Il pane tipico della Sicilia è la”mafalda” ha la forma ad “S”, dalla crosta dorata e dal delicato sapore di semi di sesamo. Dato l’impiego della “giuggiulena” la ricetta potrebbe essere di origine araba. La storia racconta che questo pane sia stato realizzato a Palermo e quando la ricetta giunse a Catania ai primi del Novecento un maestro della panificazione volle dargli quel nome in onore della principessa Mafalda di Savoia.
Ancora oggi una mafalda calda con una bella fetta di mortadella con pistacchio è una goduria, altro che panini con wurstel e crauti. A Palermo la mafalda si accompagna alle panelle e alle crocché e in alternativa alla “vastedda”alla “meuza”

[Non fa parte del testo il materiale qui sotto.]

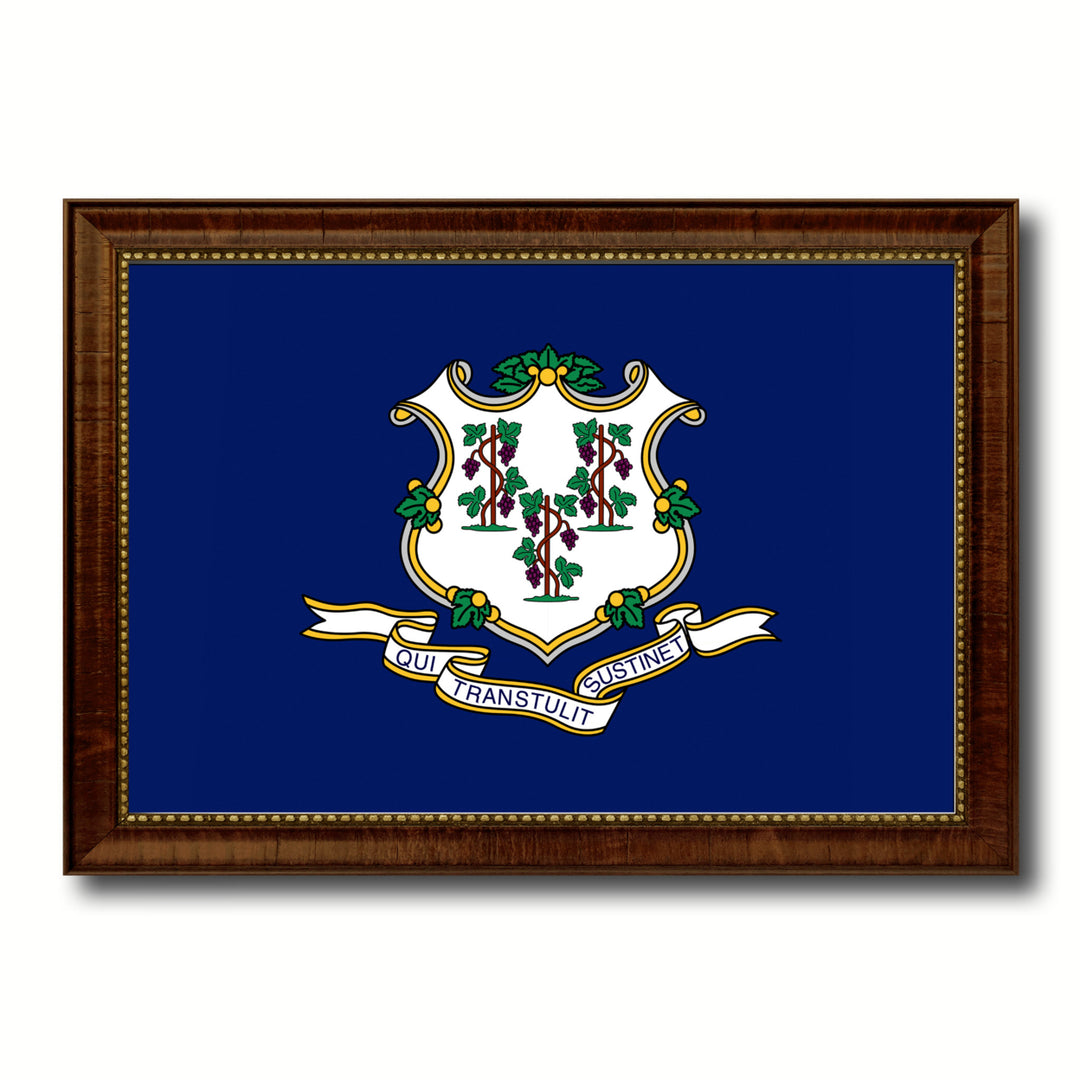 Connecticut State Flag Canvas Print with Picture Frame  Wall Art Gift Image 1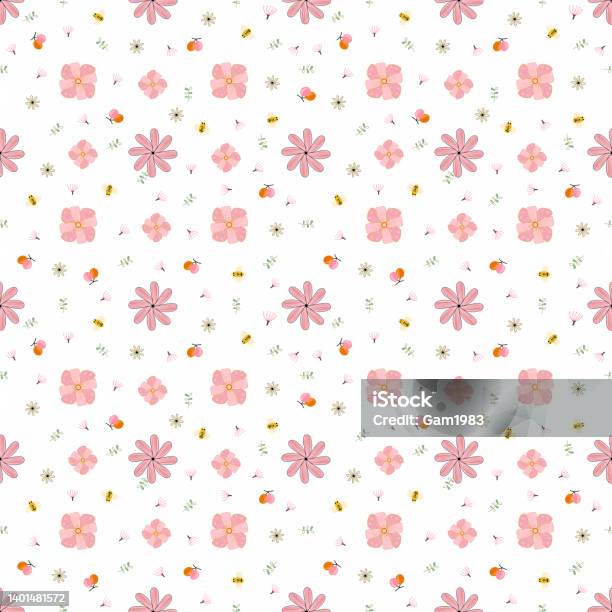 Color Pattern Cloth Small Flower Small Flower Pattern With Bee Design For Fashion Fabric Wallpaper And ...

Le più cruente rivolte nei secoli furono causate proprio dalla penuria di questo alimento che per la sua importanza condizionava la vita della popolazione più povera e soggetta alle angherie dei potenti di turno.
Oggi buona parte della popolazione vive nell’abbondanza e nel lusso, non può neanche lontanamente immaginare il degrado in cui vivevano i nostri progenitori, forse basterebbe volgere lo sguardo verso l’altra parte del mondo per accorgersi che forse il Medioevo non è stato debellato del tutto.